# Gaggia Baby Class steam wand - V. Weak



## martinwarrilow (Nov 23, 2013)

Hi,

I've been having problems with the steam wand. Up till now, the steam was coming through uninterrupted and would last for quite a while, providing sufficient levels of steam to froth up small pitchers of milk effectively.

Now, the temperature light is on, i go to steam, and the pressure required for steaming last 5-10 seconds before i'm left with the pressure so low it only makes slight bubbles...not enough required to even heat the milk, let alone froth.

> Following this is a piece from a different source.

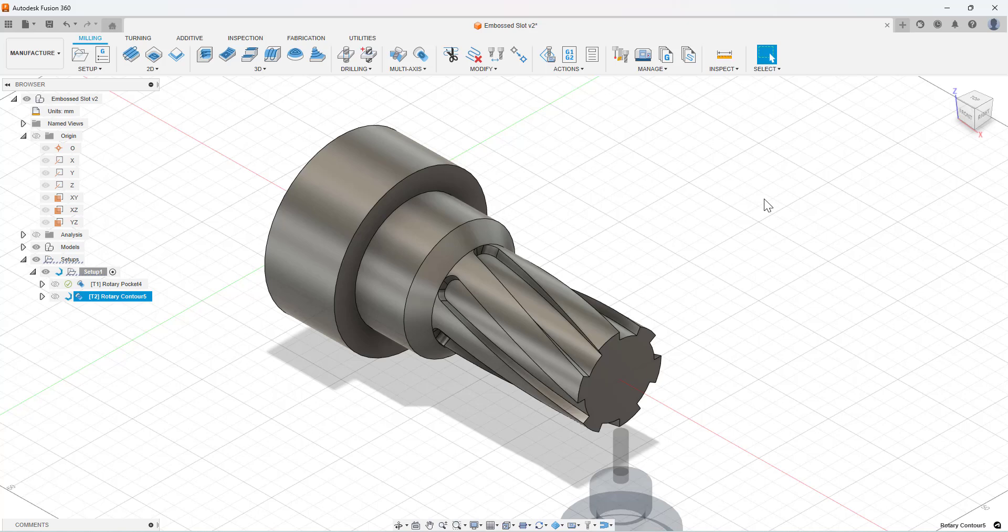With this tool we get a better result than if we were to use a 2D toolpath that was wrapped around the particular feature. We get a better result, which we'll see shortly.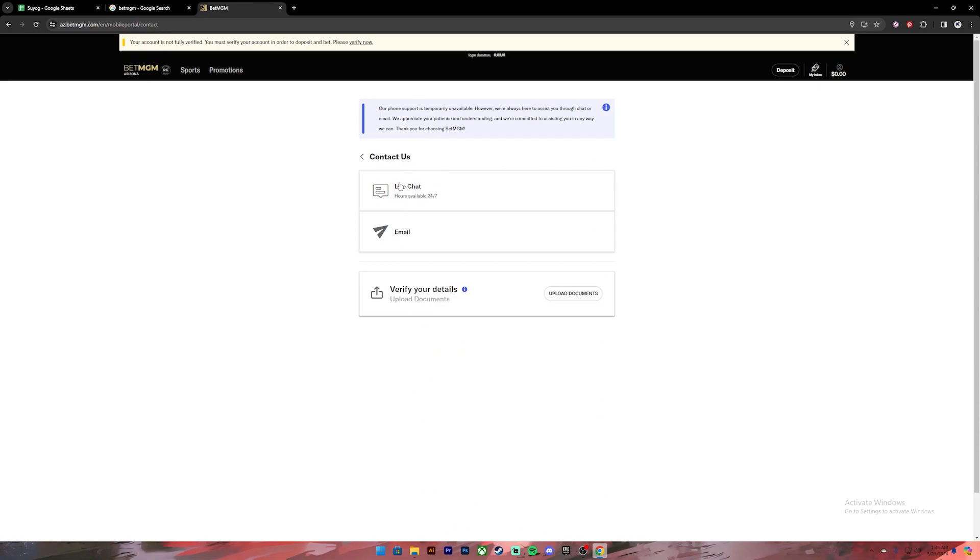A member of BetMGM will contact you. Once they are in touch, you have to explain your problem and ask them to change your bet. They will help you to change it. So this is how you do it.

I've taken apart the wand, and checked for milk build up, and cleaned it, but that hasn't done the trick.

I'm sure someone will have experienced this problem, and i tried searching everywhere before asking my question.

Many thanks!


----------



## El carajillo (Mar 16, 2013)

Is the boiler refilling after brewing ? Does it brew coffee at normal rate ? Could possibly be faulty steam stat not bringing boiler to steam temperature. Have you any other information on the problem ?


----------



## martinwarrilow (Nov 23, 2013)

Hi, thanks for your reply,

To my knowledge, everything else is fine with the machine, espresso is poured at the correct rate.

I think the temperature light on the buttons is always on, i don't think i can recall it being off while anything is brought to the right temperature. Also the button for steam clicks in, but doesn't stay in...is this correct? The red steam button lights up however when operational.


----------



## pattyxclentcouk (Feb 21, 2014)

I'm having this problem too. My Gaggia is ok for the espresso bit but the steam wand is just not having it's old "puff". Please help! THANKS!


----------



## pattyxclentcouk (Feb 21, 2014)

We're ordering a new thermostat so will see if this is the problem.


----------